Maybe is just work overtime all the time..
I had exactly the same problem in my previous job (it was my first job also), not having mentors and good project managers is a hell
I work in a startup and I can relate so much to this!
Coworkers. I'm the only venezuelan in a group of mexicans (which is ok) but, they sure don't understand me and I don't understand them and that's caused me more frustrations than normal 😅
Adapting to cultures is super difficult and even more so when you're an immigrant. I'm learning though :3
I'm Mexican, si tienes preguntas te puedo ayudar :)
For me it is actually navigating bureaucracy. Getting anything done takes ages because of rigidly defined processes, controls, policies, and compliance tasks. I have to engage with 11 teams external to my own in order to take an application from start to finish, and it is absolutely exhausting sometimes. Life in the enterprise.
11 teams?! Wow sounds like a big organization. We have 4 dev teams at Kenna and it already feels huge
Yeah, it’s a giant institution, everything is siloed still, so there is nonsense. If you need a SQL DB, first submit a hardware request to the provisioning team, then when that’s complete, submit a request to the data management team for your DB. That kind of stuff.
Let's not forget when PM pushes you to finish the app, but you haven't finished the whole proposed codebase design. Now you ends up writing spaghetti code for the first release and rewrite it from the scratch.
This is happening right now, I'm rewriting this f**** up codebase.
Explaining the existing codebase we're working on.
One time a new guy joined me as a team and it takes a MONTH to explain our existing codebase. I don't know maybe the doc I've written is not verbose enough 😄
And this guy also hardly working with Git and causes many conflict on the master branch (he didn't checkout a new branch to play around).
Knowing that it's a complete dead end and that I'll never really do anything I enjoy.

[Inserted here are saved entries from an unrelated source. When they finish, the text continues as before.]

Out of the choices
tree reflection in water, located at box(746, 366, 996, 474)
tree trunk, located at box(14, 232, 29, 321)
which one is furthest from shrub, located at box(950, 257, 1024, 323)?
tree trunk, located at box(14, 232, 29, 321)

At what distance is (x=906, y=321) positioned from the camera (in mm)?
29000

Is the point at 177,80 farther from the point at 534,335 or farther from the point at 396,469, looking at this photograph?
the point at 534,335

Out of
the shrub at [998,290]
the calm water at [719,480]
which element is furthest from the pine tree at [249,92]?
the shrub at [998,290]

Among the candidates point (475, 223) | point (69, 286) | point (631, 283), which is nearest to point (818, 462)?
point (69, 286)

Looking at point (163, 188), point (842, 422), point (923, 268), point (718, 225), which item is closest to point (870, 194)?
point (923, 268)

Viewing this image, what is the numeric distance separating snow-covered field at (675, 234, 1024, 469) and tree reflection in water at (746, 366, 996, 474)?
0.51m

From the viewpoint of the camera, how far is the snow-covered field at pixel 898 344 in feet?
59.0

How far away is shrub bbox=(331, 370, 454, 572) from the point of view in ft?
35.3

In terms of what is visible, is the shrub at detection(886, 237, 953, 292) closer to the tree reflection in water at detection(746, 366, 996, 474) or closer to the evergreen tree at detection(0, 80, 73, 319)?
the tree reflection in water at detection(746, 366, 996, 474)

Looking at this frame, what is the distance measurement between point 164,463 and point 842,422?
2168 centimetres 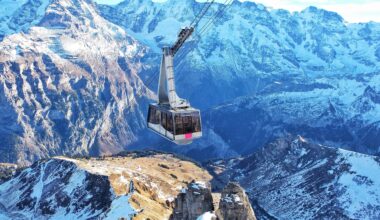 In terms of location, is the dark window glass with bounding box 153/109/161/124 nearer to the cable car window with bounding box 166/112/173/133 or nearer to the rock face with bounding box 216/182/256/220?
the cable car window with bounding box 166/112/173/133

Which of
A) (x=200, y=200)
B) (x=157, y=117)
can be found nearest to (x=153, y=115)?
(x=157, y=117)

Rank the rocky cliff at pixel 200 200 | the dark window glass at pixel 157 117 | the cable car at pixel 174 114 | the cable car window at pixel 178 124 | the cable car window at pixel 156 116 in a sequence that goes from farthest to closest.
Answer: the rocky cliff at pixel 200 200 → the cable car window at pixel 156 116 → the dark window glass at pixel 157 117 → the cable car window at pixel 178 124 → the cable car at pixel 174 114

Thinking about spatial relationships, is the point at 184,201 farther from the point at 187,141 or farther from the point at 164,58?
the point at 164,58

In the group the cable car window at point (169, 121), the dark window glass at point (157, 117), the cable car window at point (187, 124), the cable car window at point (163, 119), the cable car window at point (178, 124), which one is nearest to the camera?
the cable car window at point (178, 124)

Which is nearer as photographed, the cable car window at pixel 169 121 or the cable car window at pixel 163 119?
the cable car window at pixel 169 121

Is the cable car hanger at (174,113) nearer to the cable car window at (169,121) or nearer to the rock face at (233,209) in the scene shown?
the cable car window at (169,121)

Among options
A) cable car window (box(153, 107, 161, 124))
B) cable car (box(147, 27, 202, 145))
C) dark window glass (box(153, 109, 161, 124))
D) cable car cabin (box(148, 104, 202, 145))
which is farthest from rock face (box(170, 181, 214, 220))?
cable car cabin (box(148, 104, 202, 145))

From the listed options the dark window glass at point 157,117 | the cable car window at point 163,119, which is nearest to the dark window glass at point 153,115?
the dark window glass at point 157,117

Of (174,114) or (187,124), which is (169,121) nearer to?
(174,114)

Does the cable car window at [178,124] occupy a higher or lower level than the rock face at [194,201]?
higher

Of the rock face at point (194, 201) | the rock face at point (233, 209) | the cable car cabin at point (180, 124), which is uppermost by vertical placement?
the cable car cabin at point (180, 124) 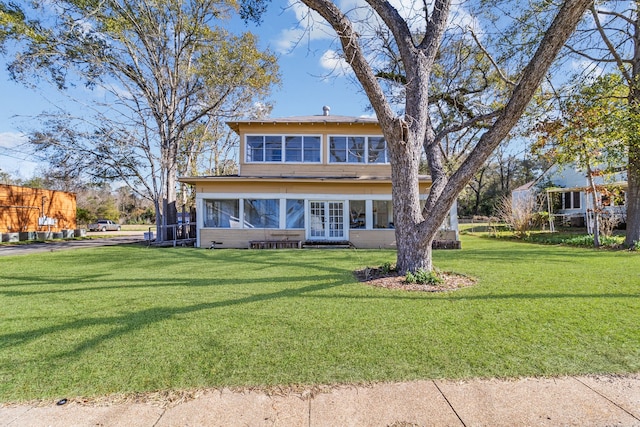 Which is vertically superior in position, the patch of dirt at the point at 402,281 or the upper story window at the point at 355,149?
the upper story window at the point at 355,149

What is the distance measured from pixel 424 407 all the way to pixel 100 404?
2567 millimetres

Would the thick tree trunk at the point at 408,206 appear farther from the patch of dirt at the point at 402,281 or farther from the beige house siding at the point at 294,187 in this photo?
the beige house siding at the point at 294,187

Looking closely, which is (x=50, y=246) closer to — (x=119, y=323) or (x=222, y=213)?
(x=222, y=213)

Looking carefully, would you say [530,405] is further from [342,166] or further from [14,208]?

An architect that tells me to use something he doesn't know how to use himself. If you want me to inject something into my project, it should be on you to prove that it works. Also, being the only one who can get it to work somehow translates to me not properly understanding it. He speaks strictly in accusations, and it gets frustrating when I'm the only one who understands a problem yet I'm being told I don't understand a problem. Thankfully, he's mostly aloof and I deal with him only in weekly meetings.
Two jobs ago, the hardest part was holding to together from the stress. New requirements had to be delivered yesterday. We had no tests. More time was spent playing politics than working in a company of about 20 people. That company doesn't exist anymore.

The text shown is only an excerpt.